Let’s face it, most of us spend relatively little time working a project plan, mostly our day would be better represented by a series of written and unwritten todos.

After facing the reality that most of work is organized around todos, not project plans and the supporting work breakdown or task structure, something else strikes me.    For the most part, we are not plan driven, we are “prompt” driven.  By that I mean we rely upon prompts (not a project plan) to get to the next todo.  The basic prompts we all use are:

  • A calendar (if its not in my calendar it doesn’t get done – some might say),
  • Email, (checking your inbox)
  • Visual reminders (stacked papers, stacked folders, a white board),
  • Verbal reminders (admins, phone calls, meeting communication),
  • Memory (internal reminders) and
  • Todo lists – whether in fragments or all in one place.

My observations are that most people we work with not only infrequently reference a project plan, but they also would generate more immediate benefits from improving on todo management than project management.  Better management of todos across an organization is the prime area to improve on for a majority of organizations, if not a precursor to improved project management.

Maybe instead of project management maturity model, we need to focus on a maturity model for todo management, e.g. to generate a “maturity of systematic approach” to the structure for managing todos to result in improving the success rate at delivering on objectives, budgets and timelines.
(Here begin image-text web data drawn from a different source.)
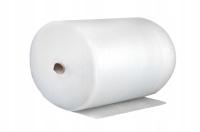 Пузырчатая пленка 50 см пузырчатая защитная прочная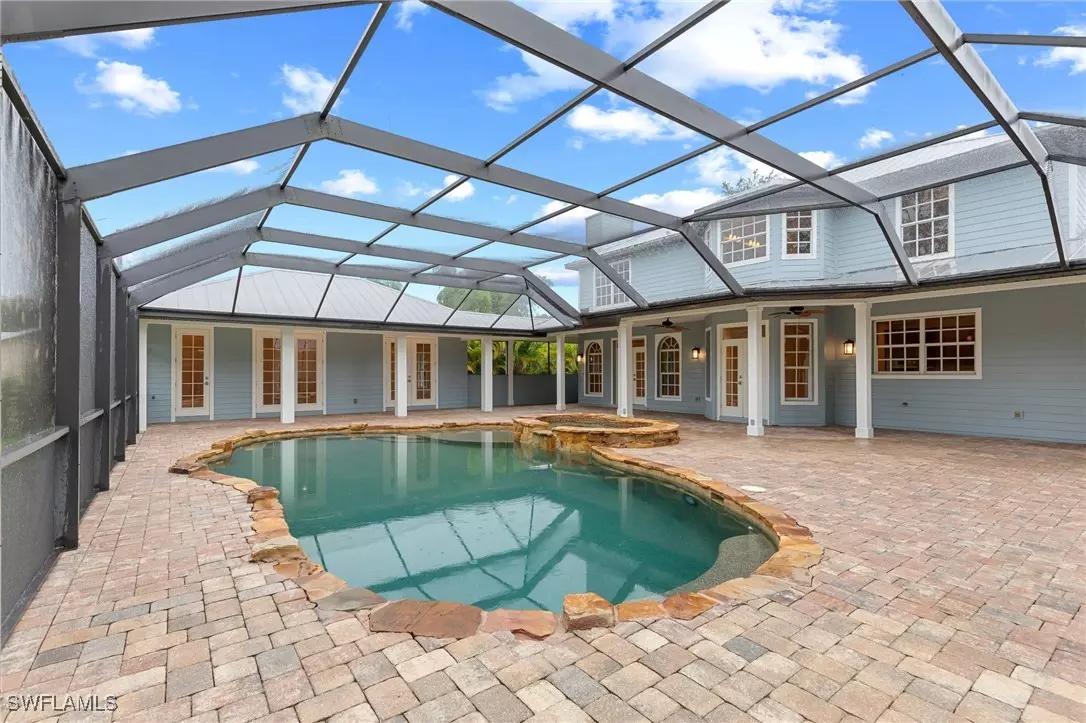 Alva, FL 33920,17470 Oak Creek RD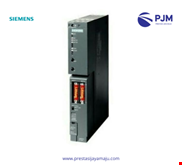 Siemens SIMATIC S7-400 PS 407 10A R – Power Supply Redundant
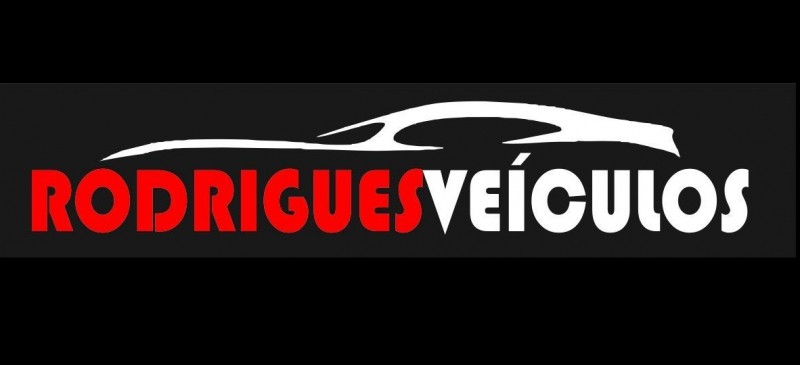 sandero 1.6 privilege 8v flex 4p manual 2010 caxias do sul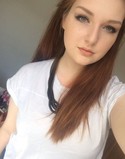 Reviews about escort with phone number 3158287817
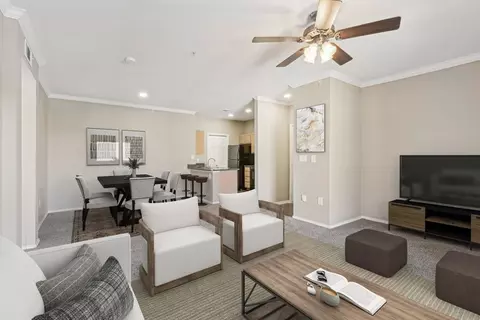 107 Talavera Pkwy #T1015, San Antonio, TX 78232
Here’s a couple of initial suggestions about what a mature Todo Management system might look like:

1. Todos’ are visible and leveraged by tracking in one system.  In this system, todos represent a fundamental work tracking system that needs to be formalized, not scattered across various systems.

2. The formal system provides a prompting for delivery of todo based requests and commitments (within a calendar, within a list, auditory and email prompts).
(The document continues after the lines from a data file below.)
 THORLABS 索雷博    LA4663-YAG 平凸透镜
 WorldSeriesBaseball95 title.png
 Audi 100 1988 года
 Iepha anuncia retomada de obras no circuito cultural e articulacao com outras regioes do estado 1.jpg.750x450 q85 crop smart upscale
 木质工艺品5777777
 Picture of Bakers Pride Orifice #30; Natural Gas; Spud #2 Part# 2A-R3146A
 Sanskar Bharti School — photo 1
3. Most people gain from attaching todos to topical based outlines, as that seems to help secure memory associations and help avoid details slipping through the cracks.

4. Most people need a follow-up system when assigning todos to others, e.g. a vehicle for getting feedback on the request they made, without having to initiate the follow-up themselves.
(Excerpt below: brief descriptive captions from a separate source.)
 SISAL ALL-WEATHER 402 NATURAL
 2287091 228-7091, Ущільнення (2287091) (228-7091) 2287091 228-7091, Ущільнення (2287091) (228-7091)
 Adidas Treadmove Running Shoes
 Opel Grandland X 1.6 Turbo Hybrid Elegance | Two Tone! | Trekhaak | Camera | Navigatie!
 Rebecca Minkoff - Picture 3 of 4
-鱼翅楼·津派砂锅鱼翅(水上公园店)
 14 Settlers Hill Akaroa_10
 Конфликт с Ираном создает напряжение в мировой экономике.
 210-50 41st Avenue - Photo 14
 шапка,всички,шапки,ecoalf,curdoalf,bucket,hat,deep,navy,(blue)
5. Incoming email, including attachments, needs to be easily parsed and reformulated into todos that are frequently embedded in the content.

Un-abashed Plug.  If you are interested in improving todo and task management at your work place, we don’t think there is a better system for managing todos, attaching them to a concept based outline of departments and project listings, and assigning and tracking them across people than ManagePro.  In the upcoming next release we even provide a performance measurement based on each individuals’ ability to complete todos each day.

Bottom Line: The maturity of an organization’s system and process for managing todos may better predict an organized work flow and positive outcomes than a project management maturity model. Does it for the organization you work in?